Presumably, if the user is sharing to multiple sites, this is a global mute on microphone and camera inputs for all sites?

Yeah, I would think so.

Flags: needinfo?(abenson)

(In reply to Mike Conley (:mconley) (:⚙️) (Extremely busy) from comment #4)

I apologize if I've asked this before, and have just forgotten... but does privileged JS have the ability to "mute" a stream being sent to a site?

Sure, but you'd need to define how it should work. Camera & mic mute on the web today is controlled by sites, not browsers.

  • Should sites be able to unmute themselves after the user clicks this new "Mute" button?
    • If yes, it might violate many users' expectations of privacy
    • If no, then this new browser-mute control & the site's mute button must BOTH be off or users suffer silence, a usability headache.

In my experience, it's hard enough for users to unmute themselves as it is in a web conference. I would tread carefully altering this UX.

It would also require site support to show the correct in-content mute indicators in these situations, as I fear few sites listen to track.onmute (*) today, as only Safari implements some sort of browser-mute, but it's tied to their limited only-one-tab-can-capture model, which is clunky IMHO.


*) FYI the spec defines track.muted which is "out of control for the application", and is distinct from track.enabled which "is available to the application to control".

Flags: needinfo?(jib)

I'm not saying it would be impossible, but would require a clear model of how it should work, and likely spec support and buy-in from other vendors.

E.g. we might be able to experiment with user-gesture + track.enabled = true to unmute browser-mute, but since browsers aren't allowed to touch the track.enabled state, it would still require site involvement today, e.g. minimally

track.onmute = () => updateMyIndicator(track.enabled = false);
track.onunmute = () => updateMyIndicator(track.enabled = true);
button.onclick = () => updateMyIndicator(track.enabled = !button.checked);

That said, I blame the new UX for suggesting these buttons should mute. We've had behaviorally equivalent indicators for years, and no reported confusion over how they work. They help users locate the tab that's capturing.

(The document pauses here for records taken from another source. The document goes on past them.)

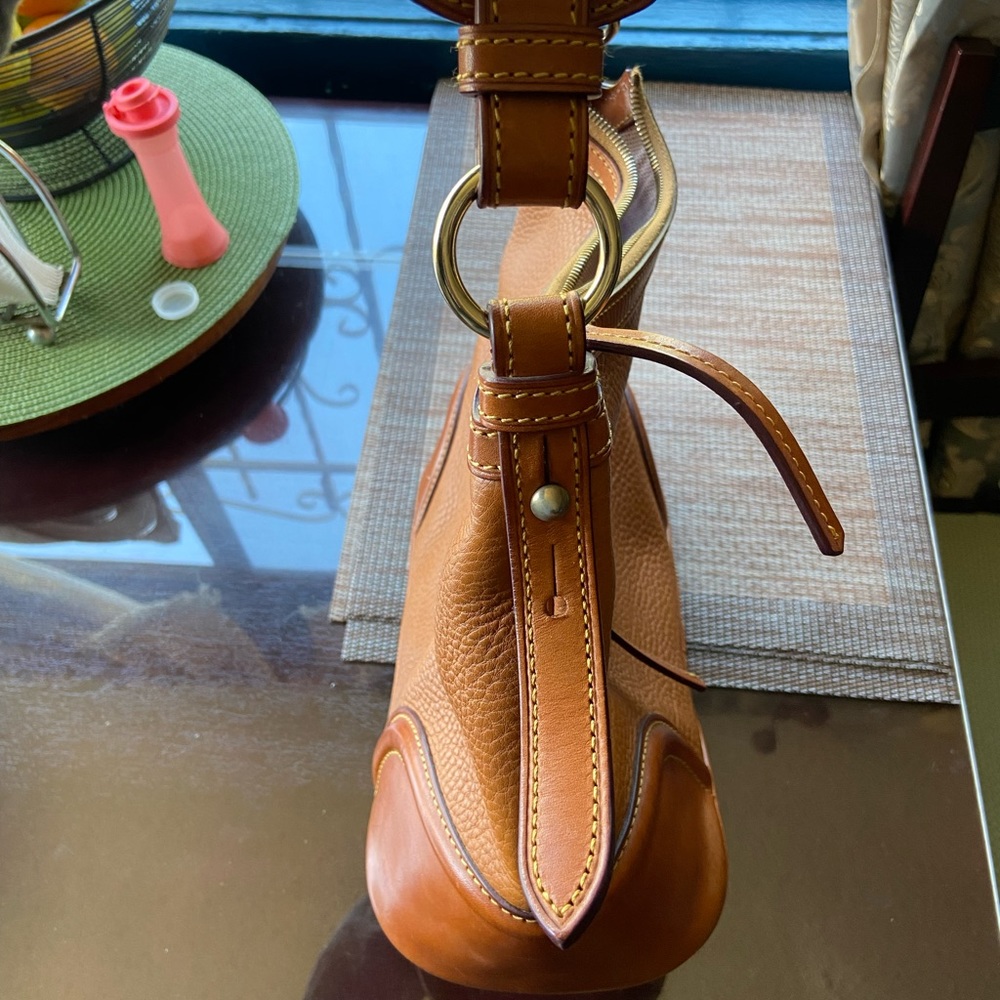 Vintage Dooney Bourke Brown Pebble Grain Leather Buckle Strap Hobo Shoulder Bag - Picture 13 of 14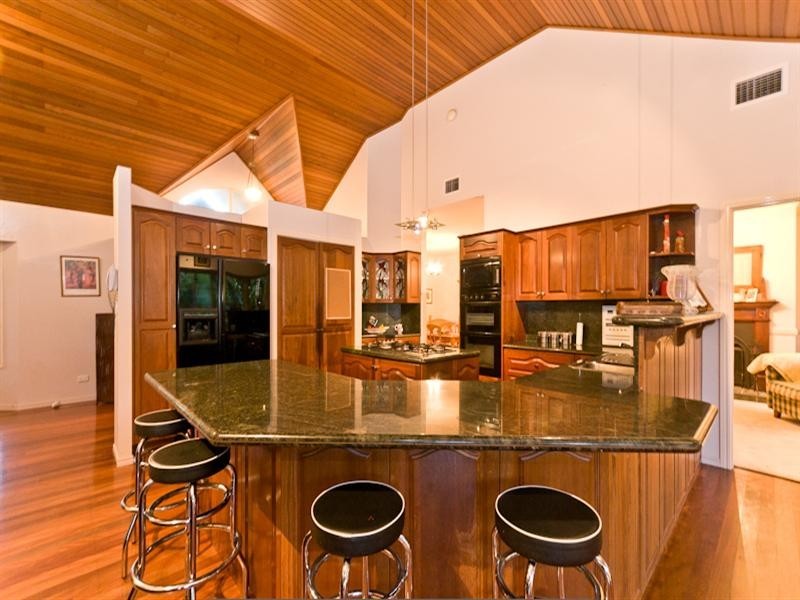 48 Honeywood Court, Samford QLD 4520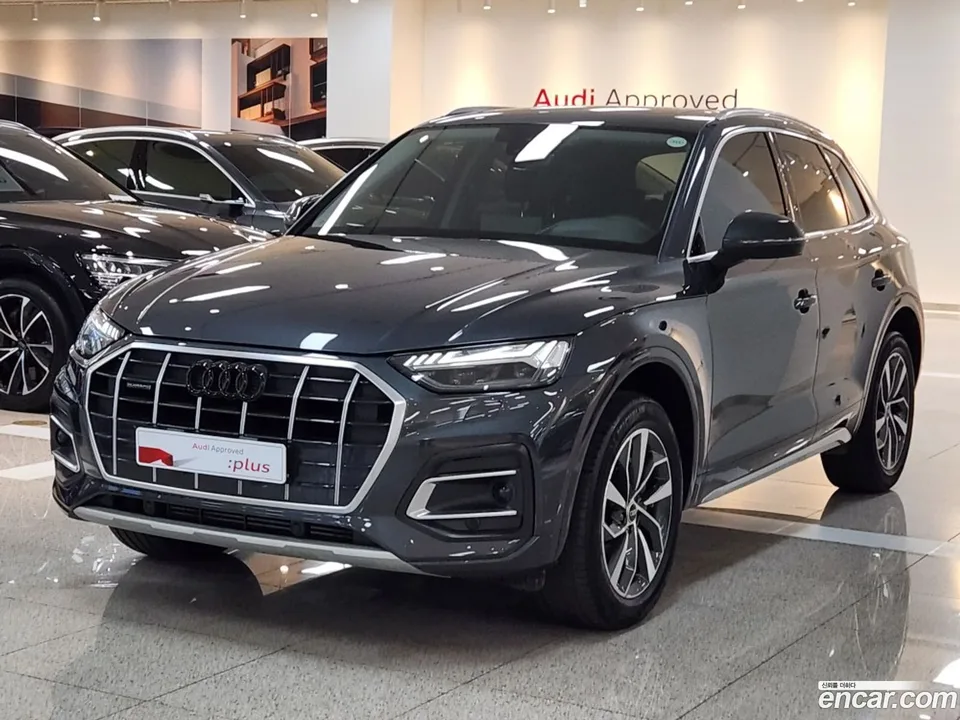Audi Q5 45 TFSI 2023 — photo 1, buy with delivery to Moscow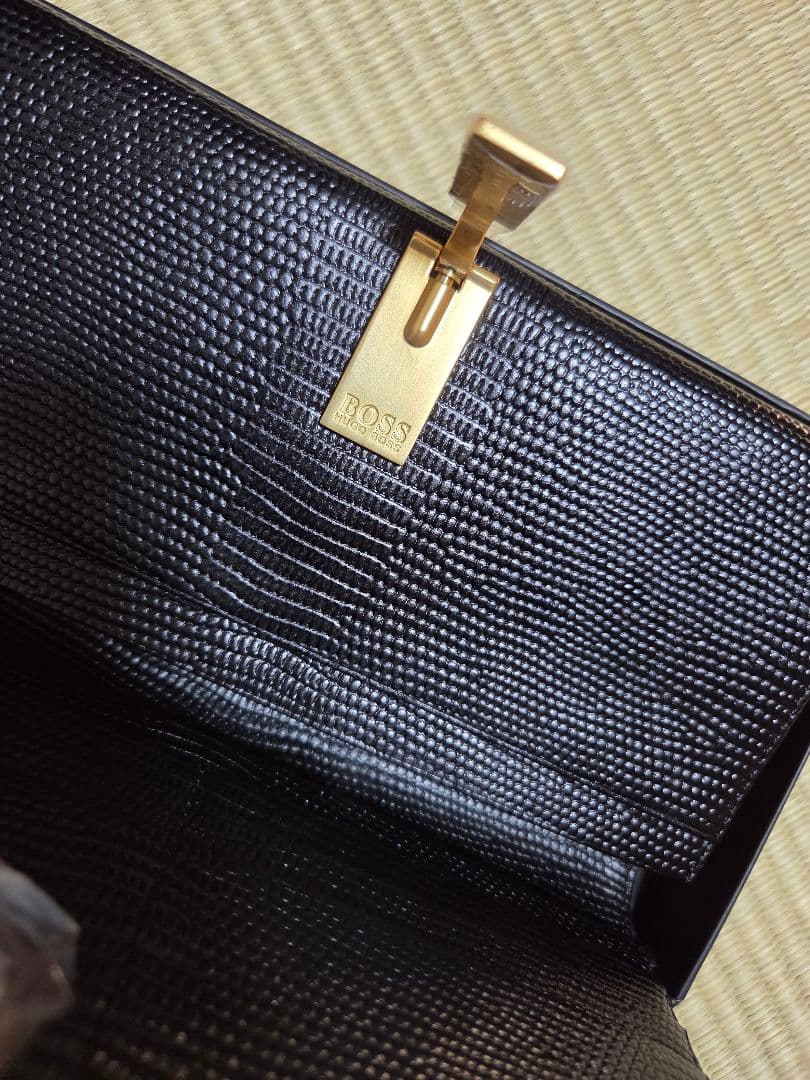 HUGO BOSS長財布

I'm going to run jib's concerns by UX. If work proceeds to try to clear up the meaning of the camera / microphone buttons, we'll do that in this bug.

Priority: -- → P3

Please also consider how this will work with multiple tabs using camera and/or microphone at the same time.

The old UX handles this fine (still in toolbar if you're on macOS): You get a dropdown listing all tabs by name that are currently accessing the camera/microphone. You click on the name of the tab of interest and you're taken there to inspect its permissions list or revoke with one click.

Quickly locating the tab(s) using camera/mic is useful, especially with 100s of tabs open.

With the new UX how do I do this (on Windows and Linux)?

Which tab(s) should be muted/unmuted instead? All of them?

That might be a privacy issue. Consider:

  1. I'm in a zoom.us (web-client) room in tab A
  2. I mute camera and microphone using the new browser UX
  3. I open a new tab B and enter a meet.google.com room.
  4. I unmute camera and microphone using the new browser UX.

Does it unmute both zoom.us and meet.google.com? Is that the behavior users would expect? Might some users think they're talking to one group and not realize they're actually talking to two?

Having consulted with UX and Product, we've decided to try to turn the microphone and camera buttons into global mute toggles.

There are a few reasons for this:

  1. The current indicator and behaviour on Linux and Windows is unintuitive. The icons, when clicked, send you to the most recent window and tab that has streams being shared, and then opens the permissions panel just for that tab. This is a really bizarre context transition, to go from global state, to individual tab state. It's also somewhat redundant - we're forwarding the user from one indicator of state, to another indicator of state (albeit one with the ability to revoke the permissions for that state).

  2. We believe that global mute of camera and microphone is just generally more useful as a way for users to have control over what they're sharing over WebRTC.

Consider a use case where I am working from home, and am both in a video conference, and also recording something in a separate tab using the microphone. Suppose one of my children comes in with a question, and I don't want my colleagues nor my recording to hear our conversation. I have a few options: if I'm lucky enough to have a microphone with a hardware mute switch, I could use that. Or I could go into each individual application and mute myself. The first is not guaranteed (I don't think hardware microphone or camera cutoffs are typical), and the second is very awkward. A global mute control like this allows me to stop all audio going out to any and all applications simultaneously, and then resume them when I'm ready to get back to work.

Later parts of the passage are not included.